描述（由申请人提供）：GM1神经节病是由B-半乳糖苷酶的酶缺乏引起的神经退行性溶酶体储存疾病，导致整个神经系统中GM1神经节蛋白的积累。尽管在1881年首次描述，但今天的神经节剂仍无法治愈，直到最近5年，成功的治疗几乎没有希望。猫节神经节病模型中与腺相关病毒（AAV）基因疗法的真正显着结果支持人类临床试验的启动。但是，在临床试验患者中准确评估治疗益处的障碍是他缺乏跟踪疾病进展的客观生物标志物。以下特定目的的目的是使用磁共振成像（MRI）的排列来有效评估有或没有AAV治疗的神经节病猫中疾病进展（或功能的保留）。 AIM.1使用7 Tesla（T）MRI获得猫GM1神经节病大脑的串行高分辨率图像。 AIM2。用MR光谱法（MRS）评估神经节病中的脑生物化学。 AIM 3。使用高分辨率核磁共振（NMR）光谱识别神经节病大脑中的代谢产物谱。申请人的培训将通过赞助和外部机构提供的MRI简短课程，通过赞助商机构进行核磁共振培训，负责任的研究模块和研讨会的负责人，以及与赞助商，共同赞助者和关键人员的日常互动。当前建议中的解剖图像将使用7T扫描仪获取，并将对皮质和皮层下靶标进行定量测量，例如丘脑，尾状核和脑干。
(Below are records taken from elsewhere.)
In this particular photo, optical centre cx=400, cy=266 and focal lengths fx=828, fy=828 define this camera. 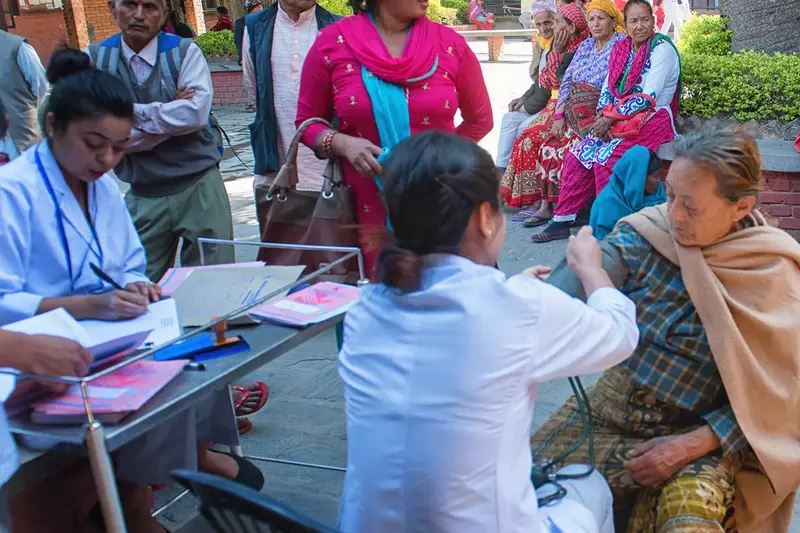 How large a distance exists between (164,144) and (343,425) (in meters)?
1.45

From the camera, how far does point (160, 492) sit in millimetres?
3152

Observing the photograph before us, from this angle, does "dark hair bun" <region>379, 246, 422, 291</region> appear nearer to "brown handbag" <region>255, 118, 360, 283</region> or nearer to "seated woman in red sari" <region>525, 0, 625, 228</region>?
"brown handbag" <region>255, 118, 360, 283</region>

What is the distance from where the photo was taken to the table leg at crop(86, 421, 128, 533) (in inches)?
64.6

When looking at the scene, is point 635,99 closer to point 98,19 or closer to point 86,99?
point 86,99

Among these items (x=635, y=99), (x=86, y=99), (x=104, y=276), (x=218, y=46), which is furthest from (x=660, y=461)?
(x=218, y=46)

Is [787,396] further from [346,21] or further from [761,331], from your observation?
[346,21]

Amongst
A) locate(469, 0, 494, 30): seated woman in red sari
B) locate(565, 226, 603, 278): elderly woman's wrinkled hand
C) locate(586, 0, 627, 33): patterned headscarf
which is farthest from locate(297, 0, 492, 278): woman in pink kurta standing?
locate(469, 0, 494, 30): seated woman in red sari

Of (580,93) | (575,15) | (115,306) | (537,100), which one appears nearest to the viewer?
(115,306)

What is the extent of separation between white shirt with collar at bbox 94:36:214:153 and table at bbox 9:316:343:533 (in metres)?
1.62

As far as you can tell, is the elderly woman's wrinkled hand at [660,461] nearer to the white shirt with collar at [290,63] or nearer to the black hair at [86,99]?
the black hair at [86,99]

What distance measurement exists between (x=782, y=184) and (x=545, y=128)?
213 centimetres

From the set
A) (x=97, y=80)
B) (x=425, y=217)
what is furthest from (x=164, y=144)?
(x=425, y=217)

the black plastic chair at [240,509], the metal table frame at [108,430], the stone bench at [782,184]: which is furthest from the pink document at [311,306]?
the stone bench at [782,184]

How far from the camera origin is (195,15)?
69.9 ft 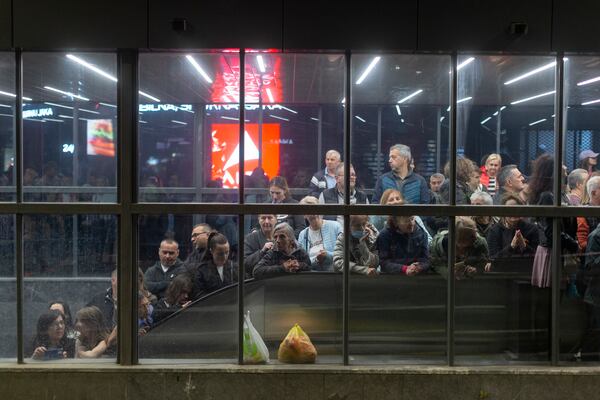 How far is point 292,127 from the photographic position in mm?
5480

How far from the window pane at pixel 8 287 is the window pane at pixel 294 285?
2.43 meters

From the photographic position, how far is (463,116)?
17.7 ft

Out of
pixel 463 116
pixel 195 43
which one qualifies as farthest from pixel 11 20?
pixel 463 116

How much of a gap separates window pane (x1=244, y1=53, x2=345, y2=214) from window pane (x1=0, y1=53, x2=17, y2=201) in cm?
245

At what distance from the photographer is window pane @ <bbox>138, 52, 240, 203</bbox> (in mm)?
5402

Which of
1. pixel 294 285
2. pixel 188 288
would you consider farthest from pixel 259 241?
pixel 188 288

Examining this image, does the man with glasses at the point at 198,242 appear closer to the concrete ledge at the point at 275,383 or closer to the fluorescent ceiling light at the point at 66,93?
the concrete ledge at the point at 275,383

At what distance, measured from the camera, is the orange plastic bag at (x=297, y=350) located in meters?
5.38

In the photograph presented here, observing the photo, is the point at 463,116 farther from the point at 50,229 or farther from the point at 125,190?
the point at 50,229

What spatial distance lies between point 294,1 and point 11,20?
112 inches

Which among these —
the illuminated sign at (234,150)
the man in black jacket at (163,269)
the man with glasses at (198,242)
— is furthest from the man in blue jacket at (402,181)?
the man in black jacket at (163,269)

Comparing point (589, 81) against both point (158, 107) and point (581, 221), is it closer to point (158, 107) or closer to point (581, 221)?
point (581, 221)

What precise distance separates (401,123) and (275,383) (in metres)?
2.97

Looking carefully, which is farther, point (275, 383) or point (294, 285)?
point (294, 285)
使用MRS，将在GM1神经节病大脑中报道的瓜尼替酸或GAL-B（1-6）GAL-B（1-4）GAL-B（1-6）GAL-B（1-4）GAL-B（1-4）GAL-B（1-6）GAL-B（1-6）GAL-B（1-6）的峰值共振，将在每种饮料中测量的寡糖，thalamus，Frontal Cortex，cottipital lebe，extremal lobe and exereal lobe。高分辨率NMR光谱法将允许对上述脑代谢产物以及本研究完成期间遇到的任何新型代谢产物进行定量分析。通过使用基于磁共振的技术，该项目将更彻底地表征未经处理的猫中的神经节病疾病进展，并评估AAV基因治疗治疗的猫的治疗益处。